[REQUIRED WORK]: Collect the lines of the entries where "Black" shows up.

[Stored records]:
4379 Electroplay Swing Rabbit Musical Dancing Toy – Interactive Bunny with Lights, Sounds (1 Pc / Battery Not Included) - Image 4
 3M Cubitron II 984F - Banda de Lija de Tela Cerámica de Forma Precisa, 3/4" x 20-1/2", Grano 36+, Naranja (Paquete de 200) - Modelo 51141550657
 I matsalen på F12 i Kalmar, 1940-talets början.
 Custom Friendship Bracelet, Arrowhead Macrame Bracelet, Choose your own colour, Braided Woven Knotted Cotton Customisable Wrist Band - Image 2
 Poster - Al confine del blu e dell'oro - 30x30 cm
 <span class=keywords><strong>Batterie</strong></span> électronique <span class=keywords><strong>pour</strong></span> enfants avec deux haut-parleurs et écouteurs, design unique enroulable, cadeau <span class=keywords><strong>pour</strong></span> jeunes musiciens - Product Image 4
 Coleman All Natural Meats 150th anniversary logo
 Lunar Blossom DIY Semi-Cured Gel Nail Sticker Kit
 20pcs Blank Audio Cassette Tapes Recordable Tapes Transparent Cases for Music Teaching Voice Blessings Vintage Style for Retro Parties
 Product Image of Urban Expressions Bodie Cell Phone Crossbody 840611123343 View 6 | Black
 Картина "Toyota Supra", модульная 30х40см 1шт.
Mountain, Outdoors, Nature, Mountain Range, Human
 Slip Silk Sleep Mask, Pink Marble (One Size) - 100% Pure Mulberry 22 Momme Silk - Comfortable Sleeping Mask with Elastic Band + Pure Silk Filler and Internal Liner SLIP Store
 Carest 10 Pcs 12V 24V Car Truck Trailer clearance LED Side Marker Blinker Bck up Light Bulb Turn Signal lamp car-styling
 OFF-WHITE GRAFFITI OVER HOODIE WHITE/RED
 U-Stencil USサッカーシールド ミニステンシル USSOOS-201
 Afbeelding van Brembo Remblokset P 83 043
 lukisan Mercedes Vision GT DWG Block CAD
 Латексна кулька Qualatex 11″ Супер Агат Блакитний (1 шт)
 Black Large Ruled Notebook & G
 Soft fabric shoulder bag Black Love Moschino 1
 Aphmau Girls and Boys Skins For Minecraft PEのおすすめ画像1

[WRITTEN SOLUTION]:
 Product Image of Urban Expressions Bodie Cell Phone Crossbody 840611123343 View 6 | Black
 Black Large Ruled Notebook & G
 Soft fabric shoulder bag Black Love Moschino 1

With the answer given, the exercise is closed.